### [Exercise data]
========

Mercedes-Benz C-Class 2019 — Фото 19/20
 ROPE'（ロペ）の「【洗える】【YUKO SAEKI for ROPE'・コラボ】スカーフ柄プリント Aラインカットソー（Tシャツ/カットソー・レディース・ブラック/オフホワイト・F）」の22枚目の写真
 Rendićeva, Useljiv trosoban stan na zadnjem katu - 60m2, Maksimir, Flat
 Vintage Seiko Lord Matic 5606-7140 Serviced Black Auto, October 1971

========

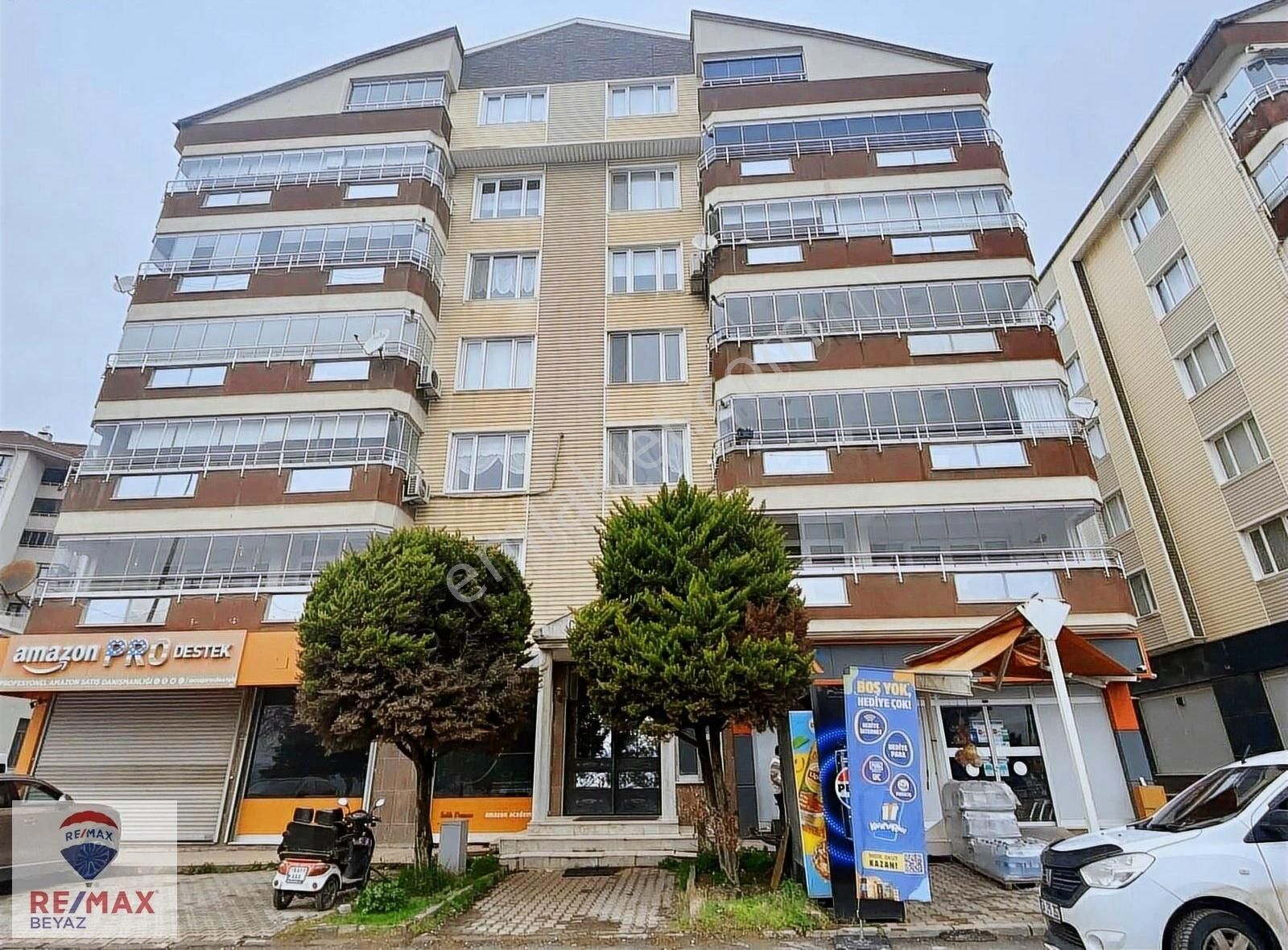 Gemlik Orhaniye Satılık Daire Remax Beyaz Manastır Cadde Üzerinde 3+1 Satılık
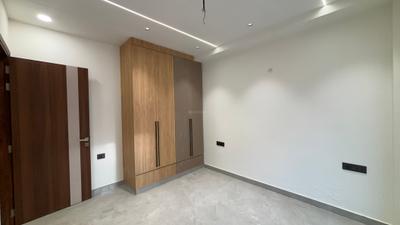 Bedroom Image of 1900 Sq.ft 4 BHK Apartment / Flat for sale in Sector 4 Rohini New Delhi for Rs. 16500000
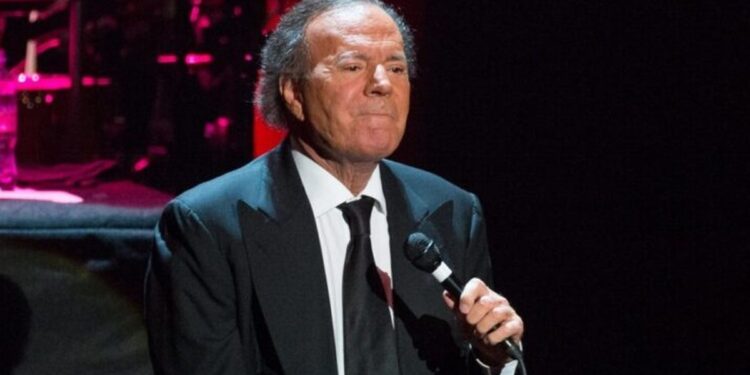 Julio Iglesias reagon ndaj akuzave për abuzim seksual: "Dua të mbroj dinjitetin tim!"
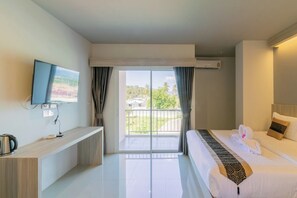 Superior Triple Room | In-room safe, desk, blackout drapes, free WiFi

========

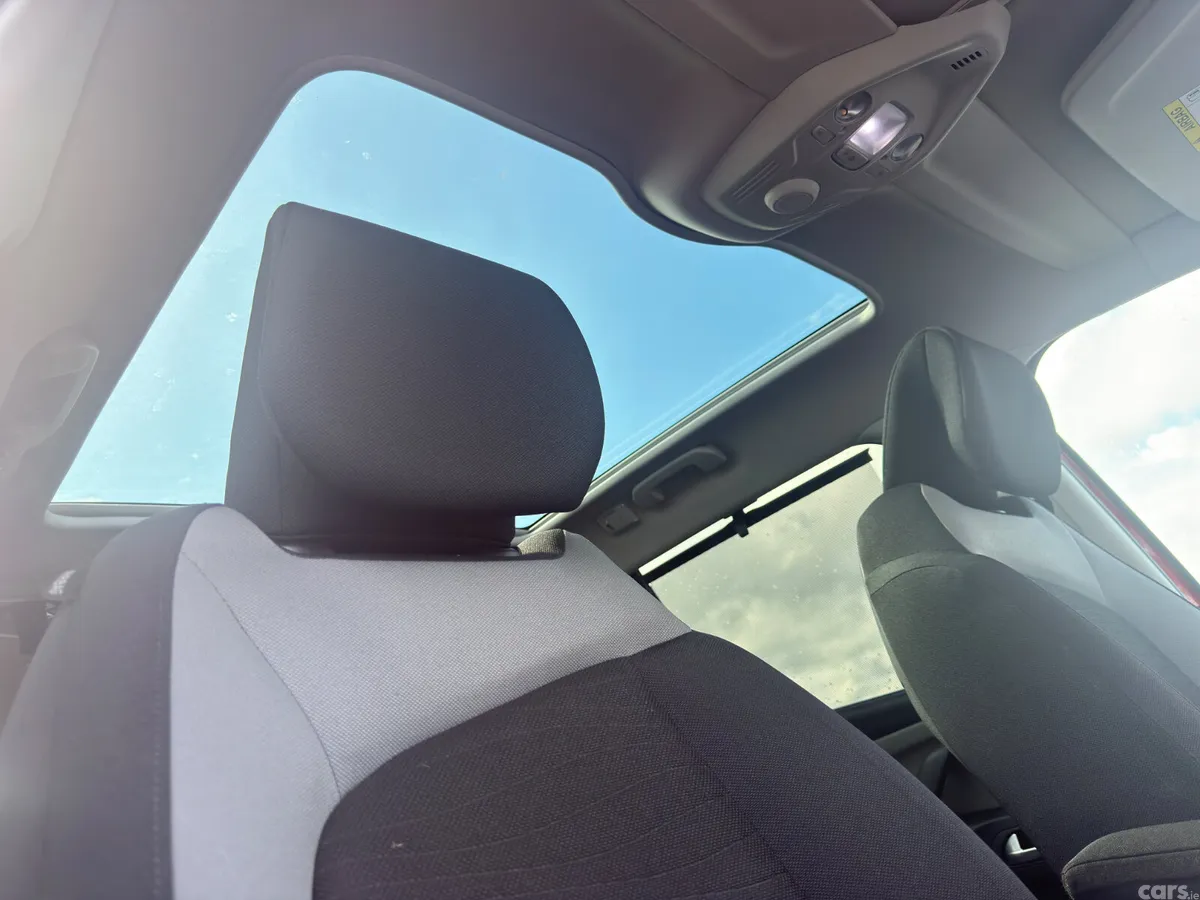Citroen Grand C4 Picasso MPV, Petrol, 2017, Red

========

### [Problem to work on]
Please output the lines of the listing above that fall in the stretch from the one with "Mercedes-Benz C-Class 2019 — Фото 19/20" through the one with "Vintage Seiko Lord", exactly and only those.

### [Answer box]
Mercedes-Benz C-Class 2019 — Фото 19/20
 ROPE'（ロペ）の「【洗える】【YUKO SAEKI for ROPE'・コラボ】スカーフ柄プリント Aラインカットソー（Tシャツ/カットソー・レディース・ブラック/オフホワイト・F）」の22枚目の写真
 Rendićeva, Useljiv trosoban stan na zadnjem katu - 60m2, Maksimir, Flat
 Vintage Seiko Lord Matic 5606-7140 Serviced Black Auto, October 1971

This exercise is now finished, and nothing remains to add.